Igor : Je suis aujourd'hui tel que j'étais tout simplement hier.
Léon : Je me le demande vraiment.
Igor : Plus sûrement ne serait-ce pas toi qui, pour telle ou telle raison, me dévisage avec un regard différent et me voit maintenant sous un jour nouveau ?
Léon : Possible ! Impossible ! Je ne sais pas.
Igor : Comment ? L'amour, nous le savons tous, rend aveugle ! Même toi, tu ne me démentiras pas ! Mais l'amitié, la grande amitié réciproque qui nous lie depuis tant de temps, ne devrait-elle pas nous permettre justement d'y voir clair entre nous ?
Léon : Ici, le temps ne fait rien à l'affaire.
Igor : Heureusement ! Et entre de vrais amis les différends sont rares et toute trahison impensable.
 Léon : Que ta discussion ce matin est énigmatique ! Que dois-je en conclure ? Ne serais-tu pas quelque peu fatigué psychologiquement pour imaginer péril en la demeure ?
Igor : Ne t'inquiète surtout pas de ma santé.
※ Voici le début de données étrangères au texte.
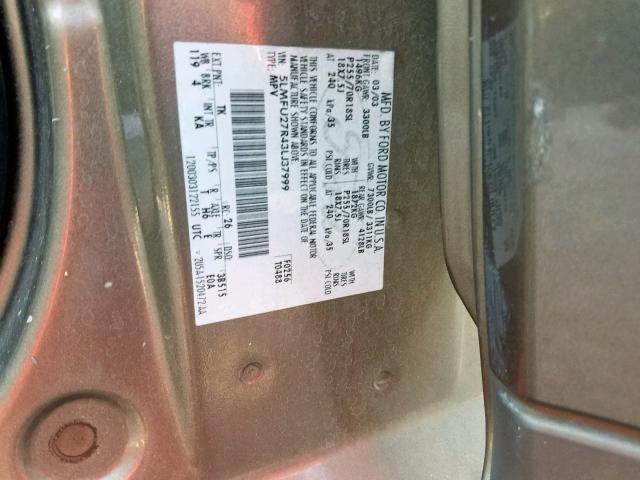 5LMFU27R43LJ37999 - 2003 LINCOLN NAVIGATOR BEIGE photo 10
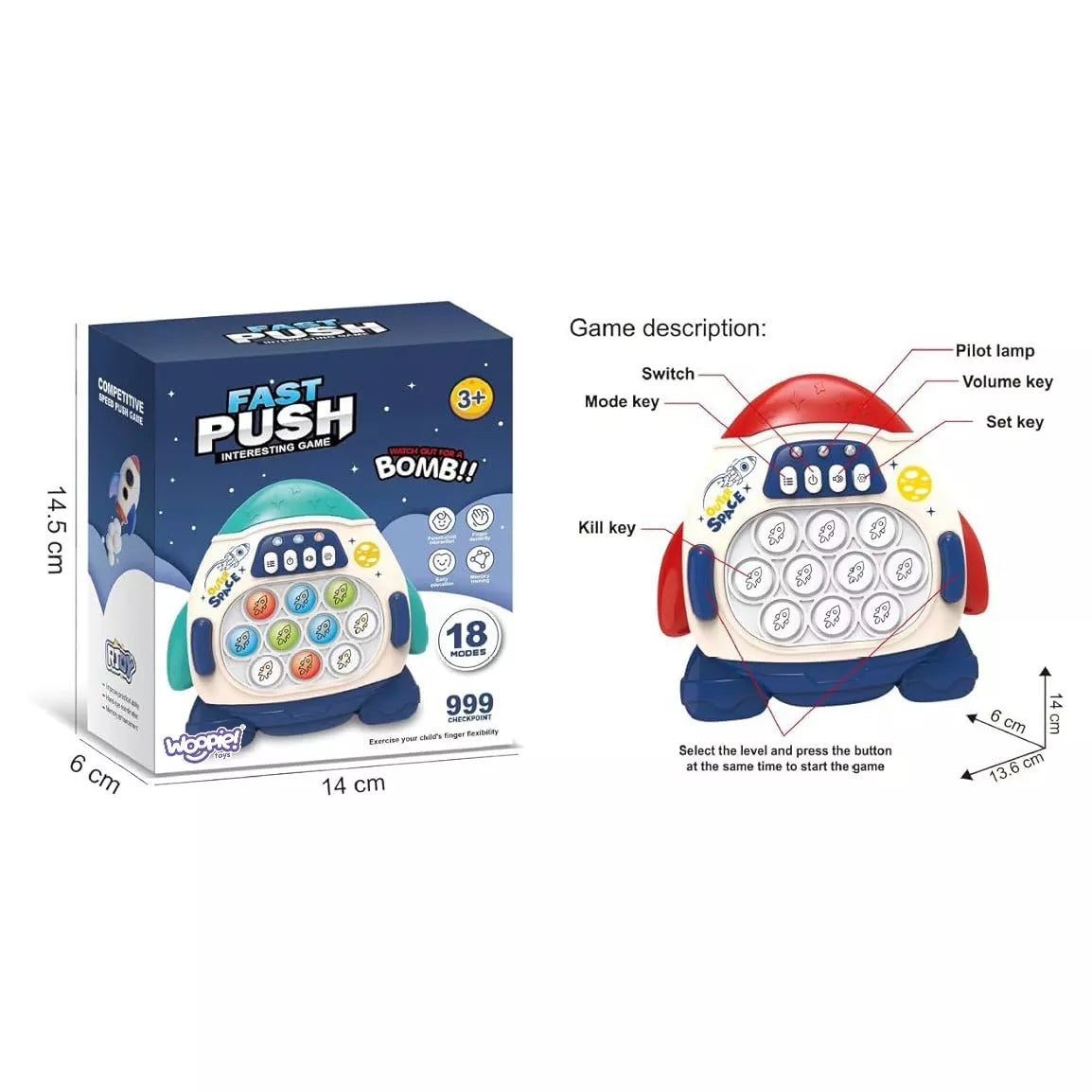 Woopie interaktyvus POP IT „Raketa“ – sensorinis žaidimas su 18 režimų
Pour l'instant, je me sens fort bien et je ne déraisonne pas.
Léon : Igor, tu exagères ! Je n'ai pas dit ce que tu veux bien laisser entendre. J'ai beaucoup trop d'estime, d'amitié et de respect pour toi pour ne pas d'une part te dire ce que je pense et d'autre part t'exprimer ma légitime inquiétude.
Igor : Je t'en suis très reconnaissant.
Léon : C'est l'ami qui parle. Et l'amitié a ses exigences comme ses devoirs.
Igor : J'ai parfaitement entendu... Tu as sans doute raison...
Léon : Restons en là... Qu'en penses-tu ?
Igor : Pourquoi pas ? Et quel est le pourquoi de ta visite ?
Léon : Je voulais ni plus ni moins connaître tes commentaires quant aux informations régionales de ce matin.
Igor :
Comme c'est curieux ! Aujourd'hui, figure-toi, je suis sorti sans avoir écouté la radio. Ce n'est pas souvent... très rare, exceptionnel même ! Rassure moi, la terre continue à tourner ?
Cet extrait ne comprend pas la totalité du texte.